Interesting thoughts on beauty... I've dabbled in art all my life, so meditating on beauty also became sort of a hobby with me. Never could come up with any kind of a formula... There is just no objective consistency to it, seemingly.
Here is a story:
I was driving on the NJ Turnpike once... Right
through the industrial area. It's wetlands, filled with garbage dumping areas, chemical factories, warehouses, factories of every sort. It stinks so bad, on some days you break speed limit just to get through it as fast as possible - and NJ drivers are not known for driving slowly to begin with.

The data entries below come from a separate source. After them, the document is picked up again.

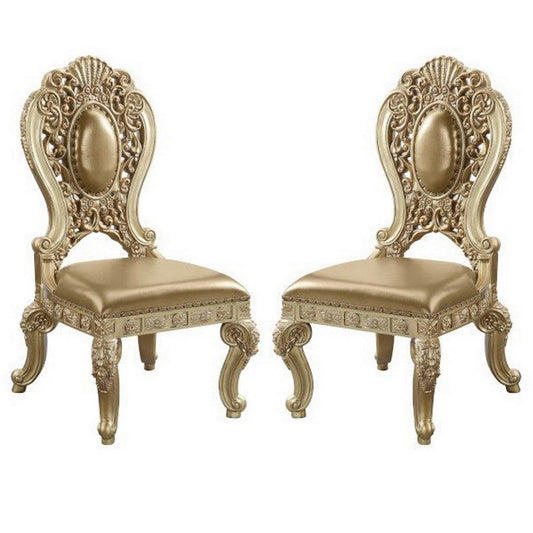 Side Chair with Scroll Crown Back and Ornate Motifs, Set of 2, Gold By Casagear Home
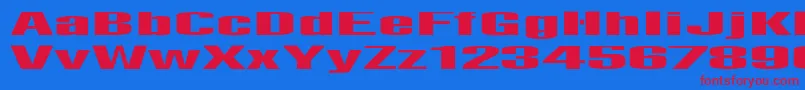 Lightsout Font – Red Fonts on Blue Background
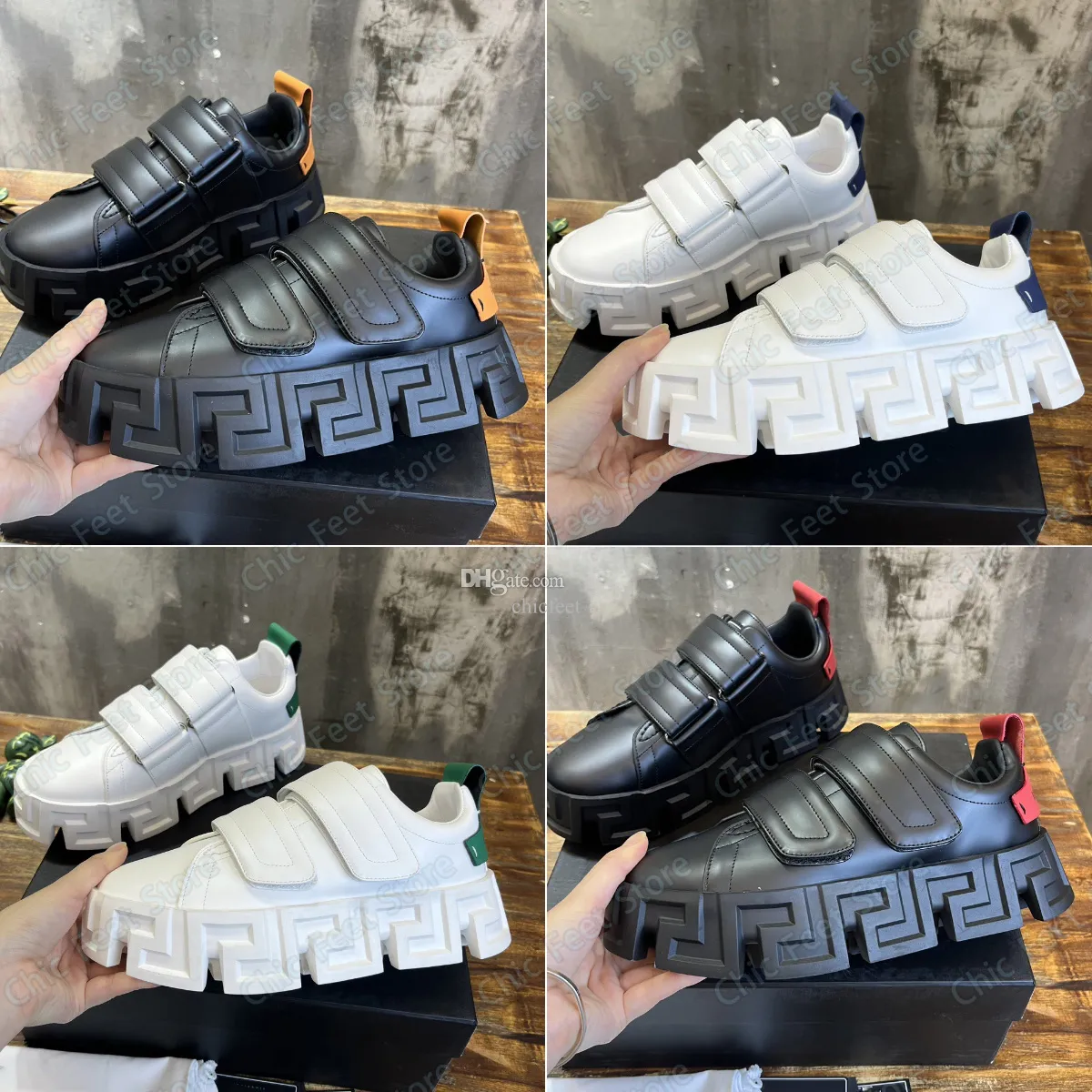 Designerschoenen Greca Portico Sneakers Platform Sneaker Verstelbare riem Heren Dames Casual leren schoenen Modeschoenen Maat 35-45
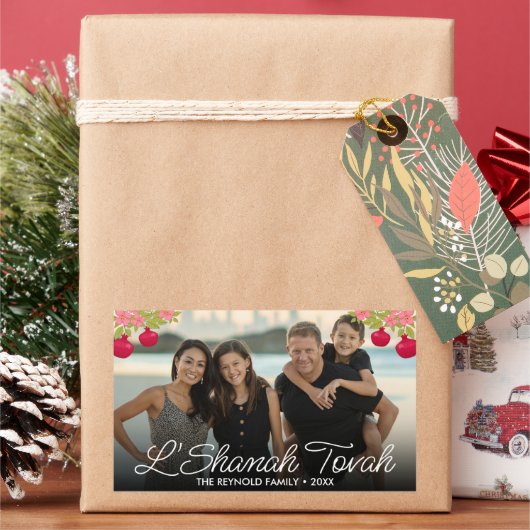Sticker Rectangulaire L'Shanah Tovah Script Photo Fleur de grenade (vacances)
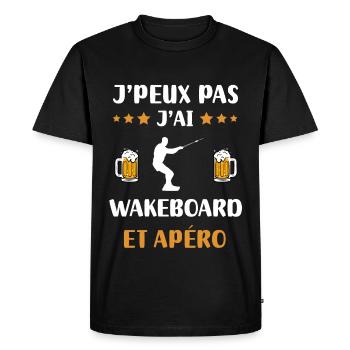 je peux pas j'ai wakeboard apéro humour cadeau - T-shirt Premium bio Homme - noir - Devant - Nico (187cm)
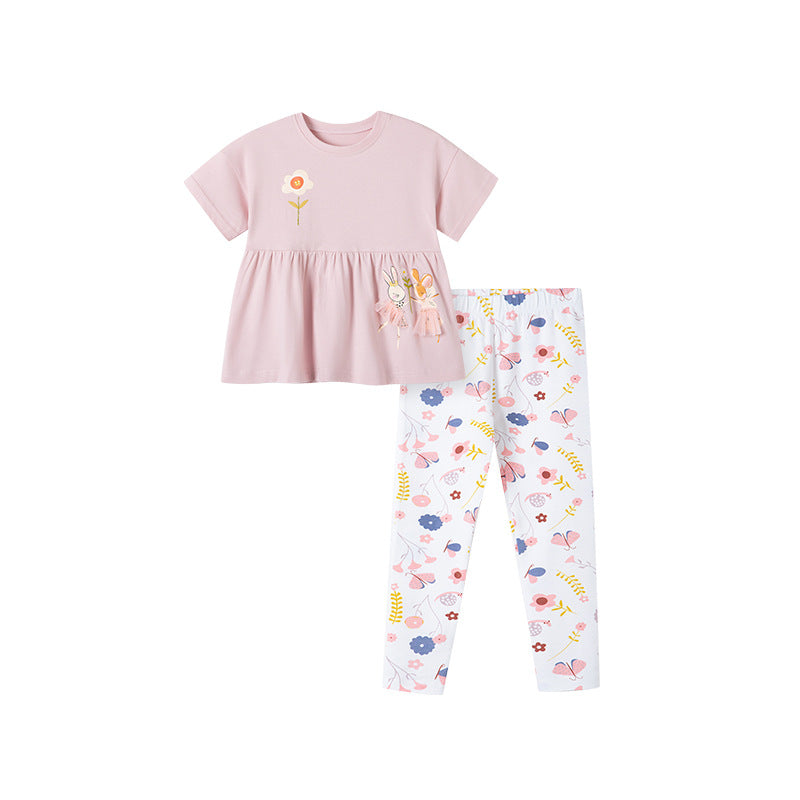 Summer Baby Kids Cartoon and Floral Pattern T-shirt and Pants Clothing Set for Girls-0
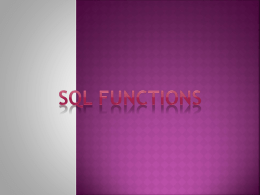 SqL Functions
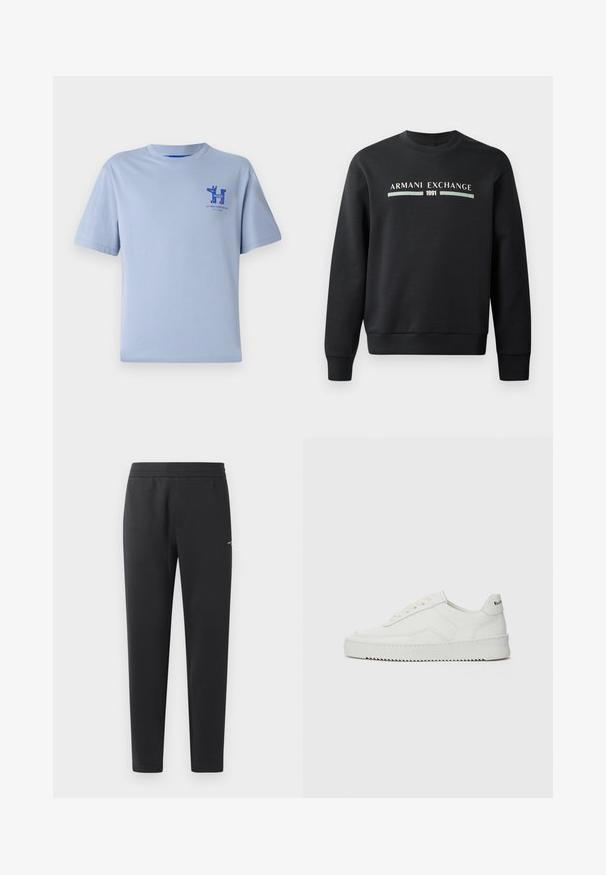 Svart hettegenser laget av mykt stoff. Har rund hals og lange ermer. Framsiden viser "ARMANI EXCHANGE" og "1991" i kontrastfarger.; Lys blå bomull t-skjorte med korte ermer, rund hals og blåtrykt grafikk på brystet som viser tekst og designelementer.; Sorte joggebukser laget av myk stoff, med elastisk midjebånd, rette ben og en liten logo detalj på siden.; Hvite lærersneakers med en jevn overflate, rund tå, flate lisser og en teksturert såle. Har en subtil logo på hælen.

This time, though, was a bit different. The sun was just about to set - enough light to see, but not quite enough to drive without lights on. The pools of water between tufts of tall grass were reflecting the setting sun like burning mirrors. The garbage heaps, the factories, the warehouses were all silhouetted against the sky - a mixture of strange, fantastic shapes, indistinguishable from one another, abstract and absolutely fascinating to the eye. Smoke from the chimneys turned parts of the sky hazy watercolor purple. And through it all the Turnpike twisted like a huge slithering snake alive with endless, dense stream of lights.
It was utterly beautiful in a distopic kind of way. It helped that my window was closed and the air conditioner was set on max - no stink.
That moment really stuck in my memory - because on any other day the place is incredibly ugly, a definition of ugly, in fact. I think the key to beauty is the emotion that arises when you look at something... Which probably depends less on the stimulus our sensory apparatus' perceive and more on the intention and the state of mind in which we perceive it. The goal of an artist, then, is to arouse emotion - there is something about an "object", be that object a painting, or a piece of music, or a landscape that, if it touches us on an emotional level, is perceived as beauty. Interestingly, the emotion doesn't -at all - has to be of the "positive" variety. Sadness can be just as beautiful as joy. Disgust... maybe not so much, but even that...
Basically, "beauty is in the eye of the beholder", though a cliche, is probably as true as anything can be here... IMHO.